__Work request__:
Your task is to give the records again exactly. Leave each picture out.

Crawled caption data:
"""

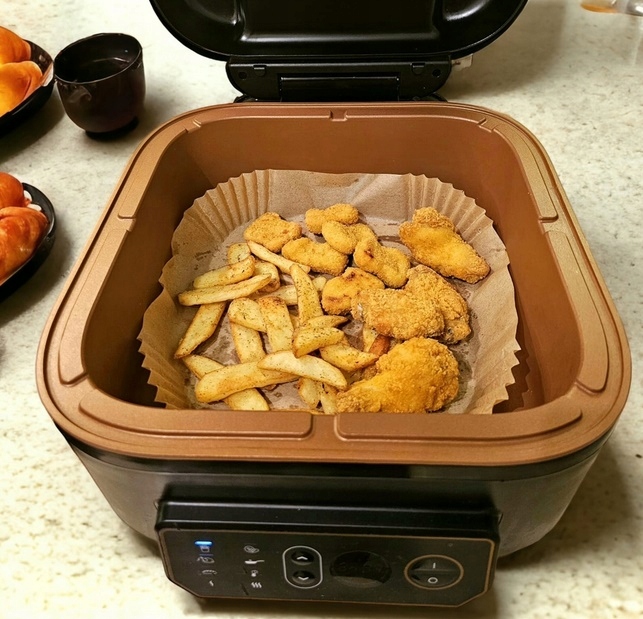 300x PAPIER DO PIECZNENIA WKŁADY AIRFRYER DO FRYTKOWNICY POWIETRZ 20x20 cm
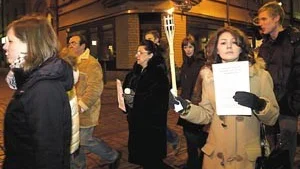 Farideh med flygblad om den iranska regimens kvinnoförtryck vid demonstrationen till stöd för världens utsatta kvinnor lockade ett hundratal Norrköpingsbor igår kväll.
FOTO: JANNE FORSBY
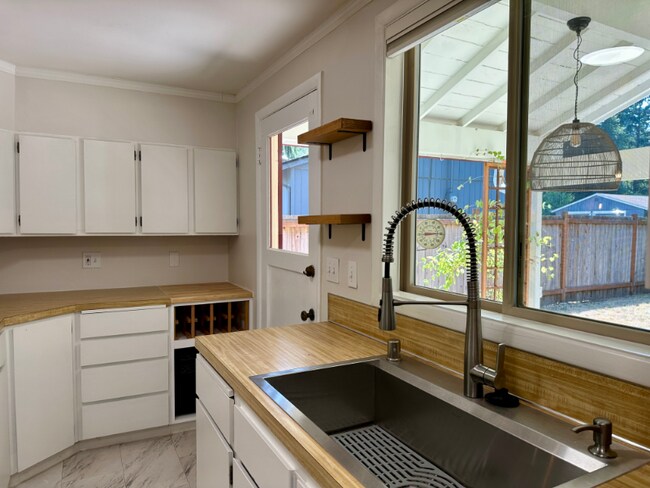 Foto del edificio - 18709 Ballinger Way NE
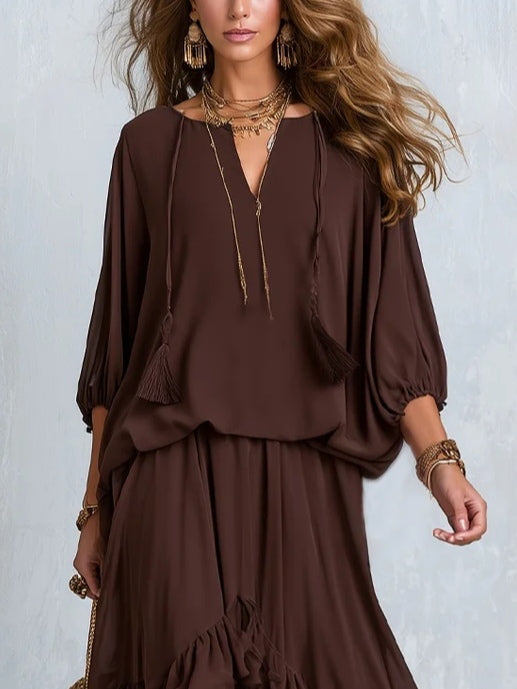Manon | Haut en Chiffon Marron à Franges et Décolleté en V Associé à une Jupe à Volants Superposés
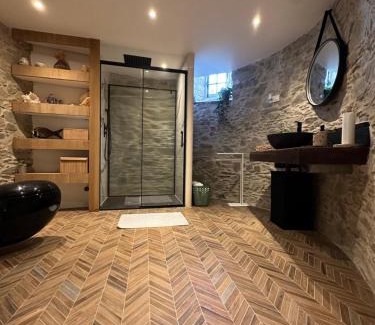 Domagne House | Chambre privée avec salle de bain tourelle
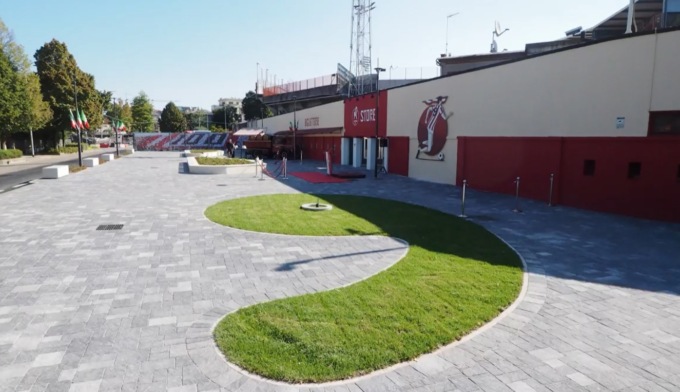 Largo Paolo Rossi: ecco la nuova area davanti al Menti dedicata al campione
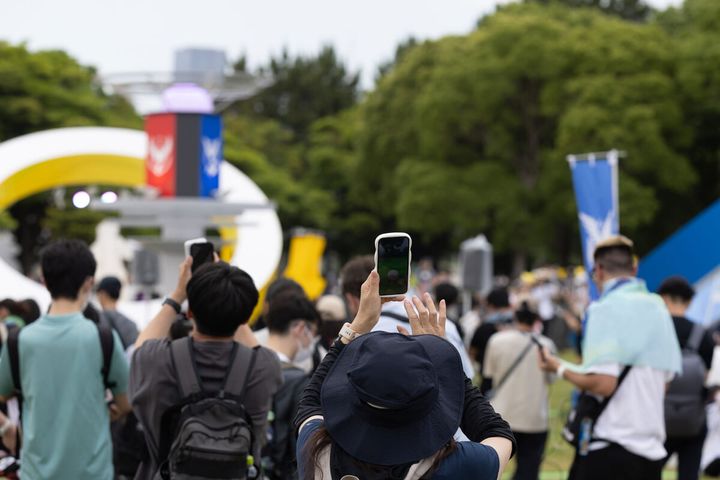 スーパーメガレイド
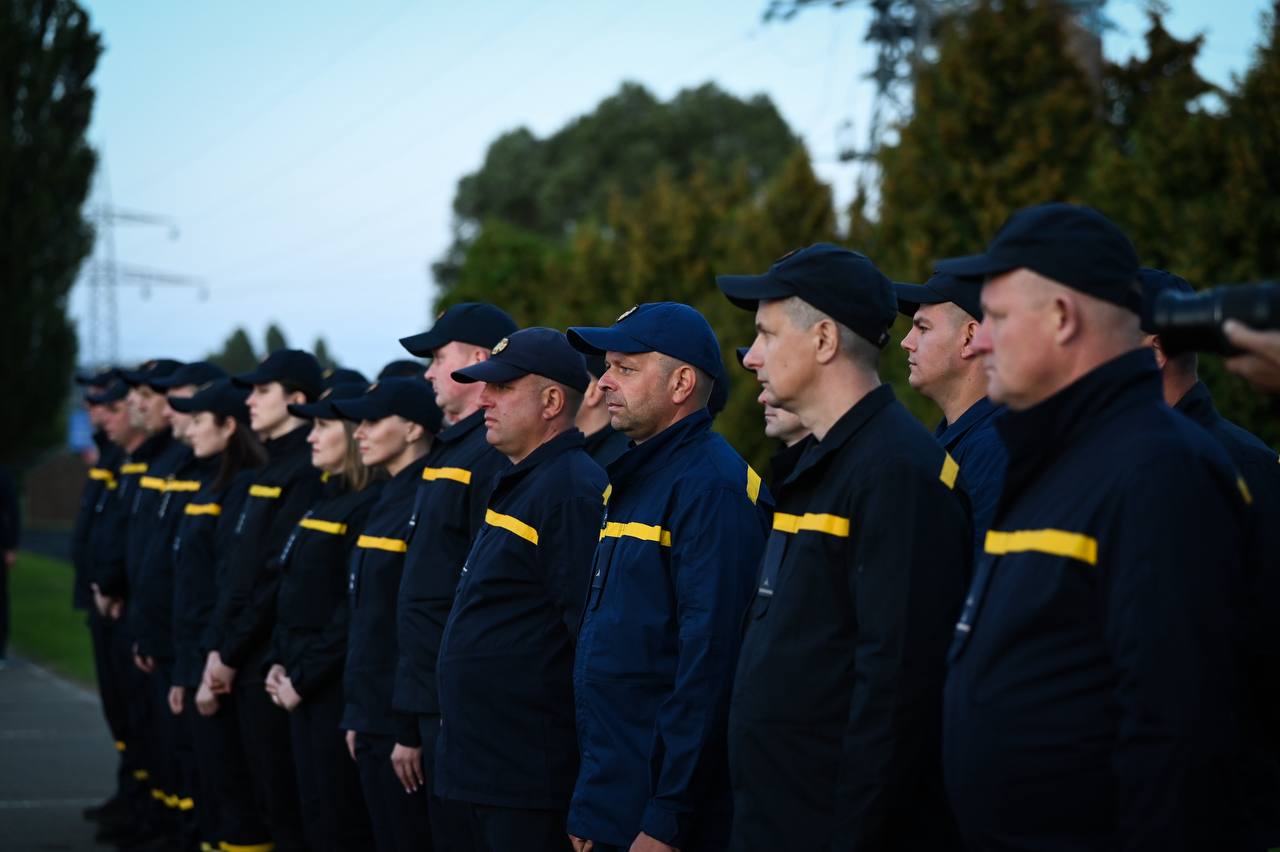 Рятувальники Київщини отримали нову техніку та мобільні штаби: фото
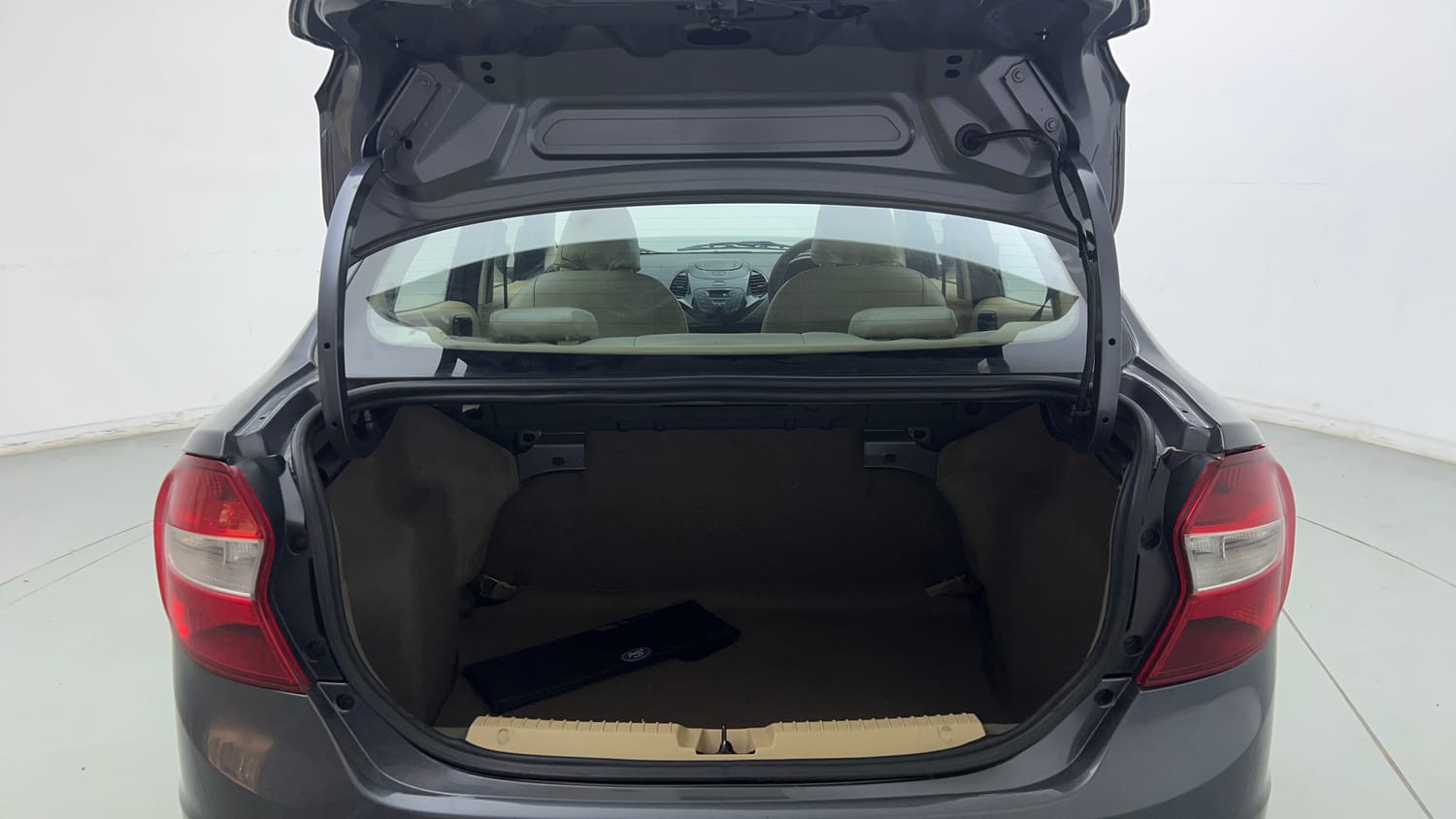 Used 2018 Ford Figo Aspire Titanium 1.2 Ti-VCT Petrol Manual interior DICKY INSIDE VIEW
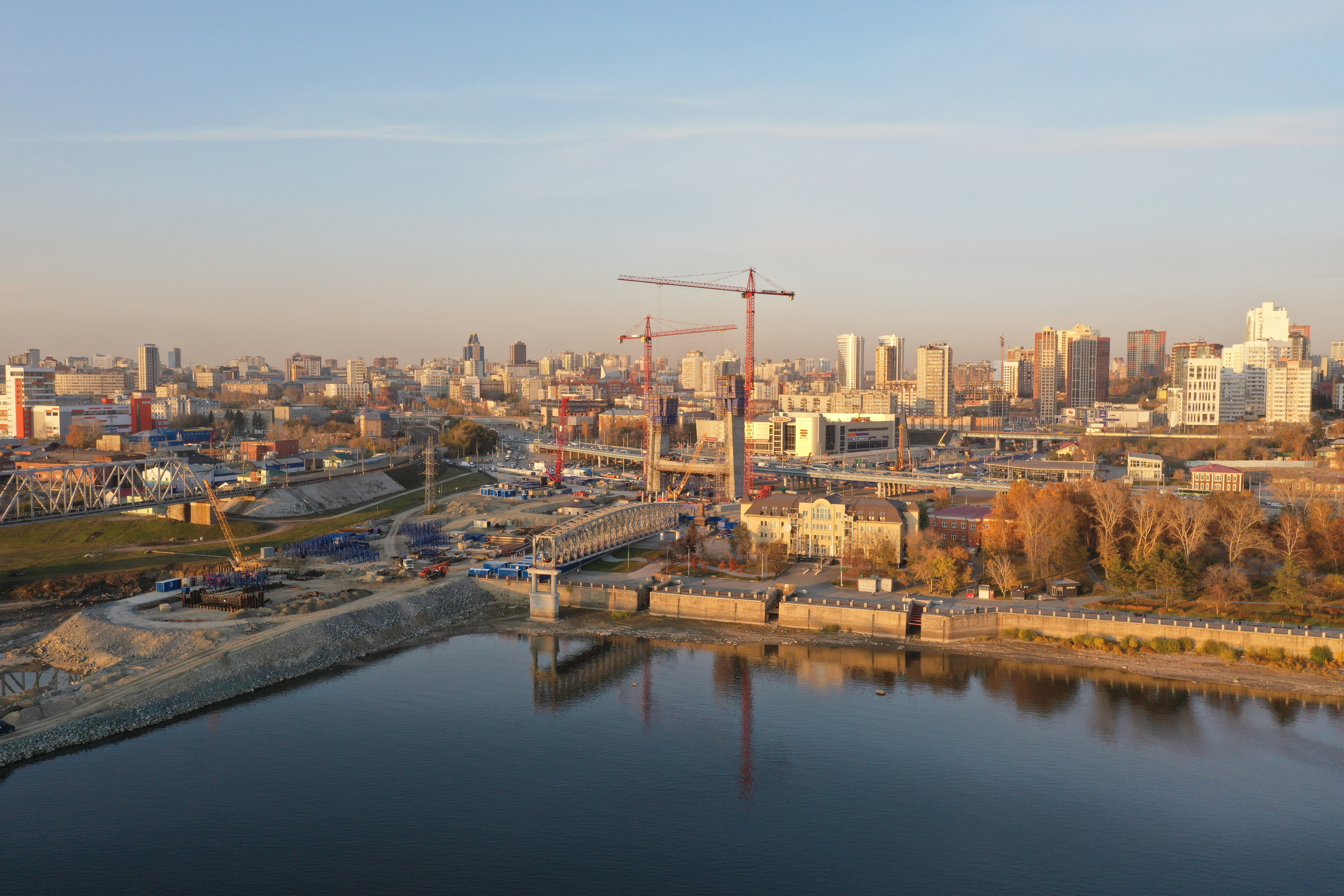 Новосибирске октября. ВИС 4 мост в Новосибирске.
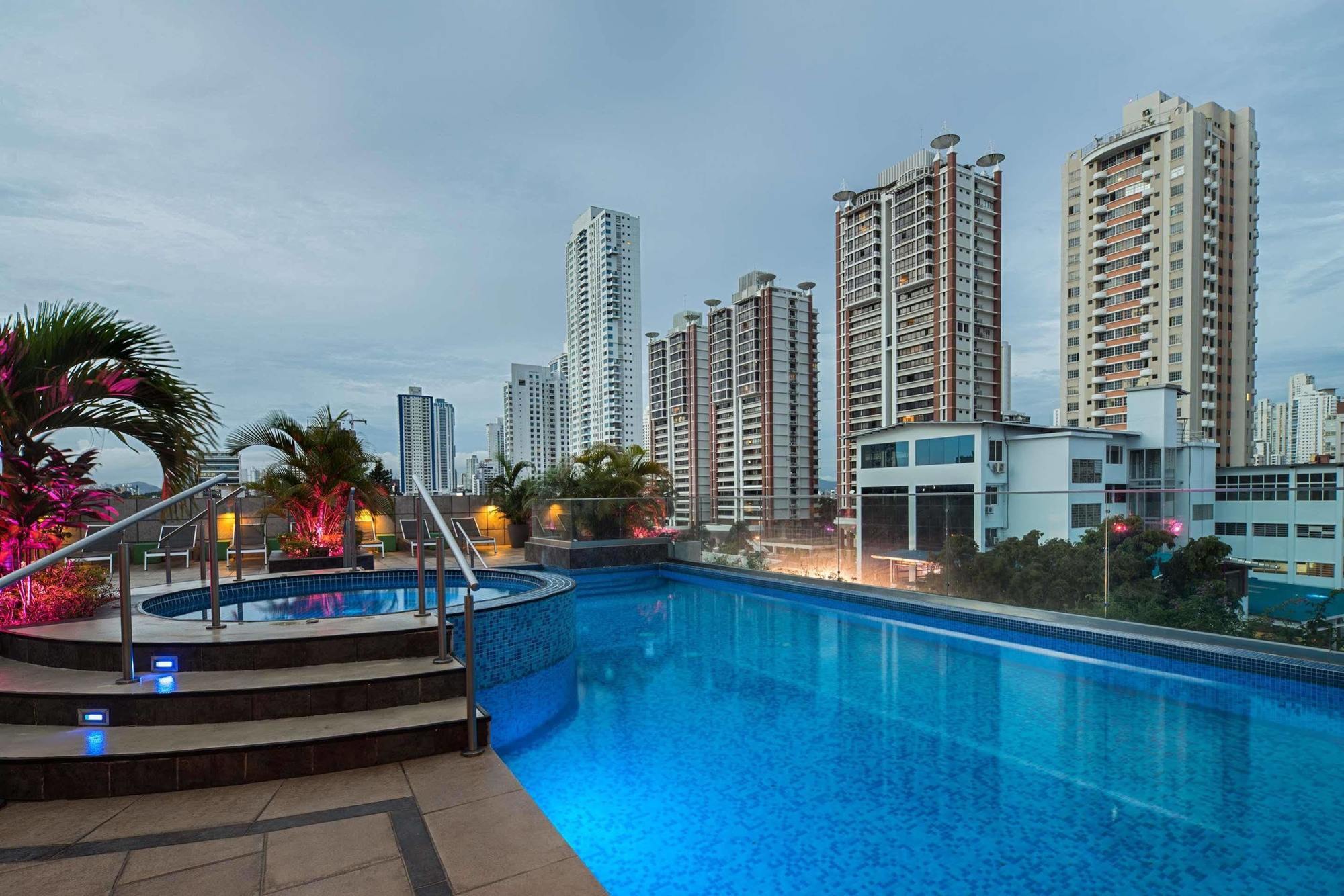 Ramada Plaza By Wyndham Panama Punta Pacifica Hotel Ngoại thất bức ảnh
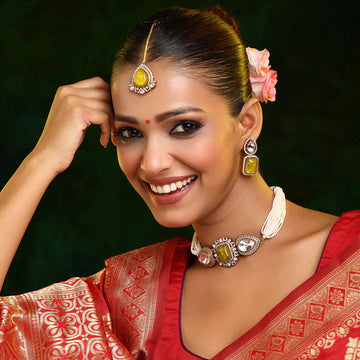 Green Stone and Moissanite Necklace with matching Earrings and Maang Tikka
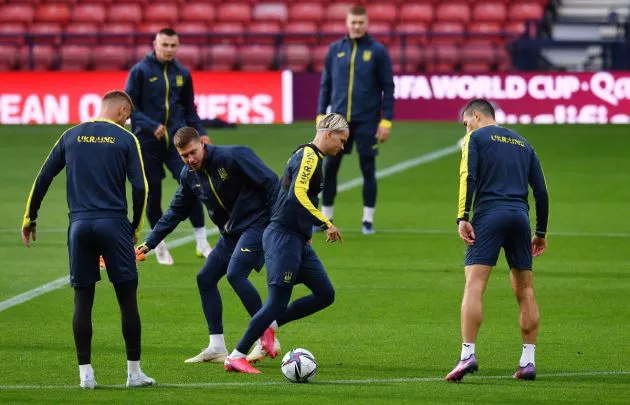 Ukraine training session Mudryk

"""

__Your response__:
 300x PAPIER DO PIECZNENIA WKŁADY AIRFRYER DO FRYTKOWNICY POWIETRZ 20x20 cm
 Farideh med flygblad om den iranska regimens kvinnoförtryck vid demonstrationen till stöd för världens utsatta kvinnor lockade ett hundratal Norrköpingsbor igår kväll.
FOTO: JANNE FORSBY
 Foto del edificio - 18709 Ballinger Way NE
Manon | Haut en Chiffon Marron à Franges et Décolleté en V Associé à une Jupe à Volants Superposés
 Domagne House | Chambre privée avec salle de bain tourelle
 Largo Paolo Rossi: ecco la nuova area davanti al Menti dedicata al campione
 スーパーメガレイド
 Рятувальники Київщини отримали нову техніку та мобільні штаби: фото
 Used 2018 Ford Figo Aspire Titanium 1.2 Ti-VCT Petrol Manual interior DICKY INSIDE VIEW
 Новосибирске октября. ВИС 4 мост в Новосибирске.
 Ramada Plaza By Wyndham Panama Punta Pacifica Hotel Ngoại thất bức ảnh
 Green Stone and Moissanite Necklace with matching Earrings and Maang Tikka
 Ukraine training session Mudryk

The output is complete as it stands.